→ Exercise goal: If a line of the data contains the word "Case", it is counted; report how many such lines there are and nothing else.

→ Extracted information:
● ● ● ● ● ● ●
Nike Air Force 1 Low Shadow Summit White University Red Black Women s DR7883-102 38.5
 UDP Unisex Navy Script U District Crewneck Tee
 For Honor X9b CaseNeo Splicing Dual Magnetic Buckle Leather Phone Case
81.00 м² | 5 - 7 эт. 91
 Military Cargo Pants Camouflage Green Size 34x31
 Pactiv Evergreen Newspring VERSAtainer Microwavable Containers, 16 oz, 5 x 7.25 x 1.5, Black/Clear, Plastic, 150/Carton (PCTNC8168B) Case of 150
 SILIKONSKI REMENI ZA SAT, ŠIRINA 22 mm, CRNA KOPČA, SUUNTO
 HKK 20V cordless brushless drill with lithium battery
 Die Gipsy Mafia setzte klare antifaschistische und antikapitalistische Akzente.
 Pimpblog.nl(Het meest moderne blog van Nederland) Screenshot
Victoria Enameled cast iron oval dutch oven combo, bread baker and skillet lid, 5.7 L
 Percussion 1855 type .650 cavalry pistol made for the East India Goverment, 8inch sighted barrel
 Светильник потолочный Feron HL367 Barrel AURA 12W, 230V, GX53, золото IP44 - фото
● ● ● ● ● ● ●
→ Response area: 2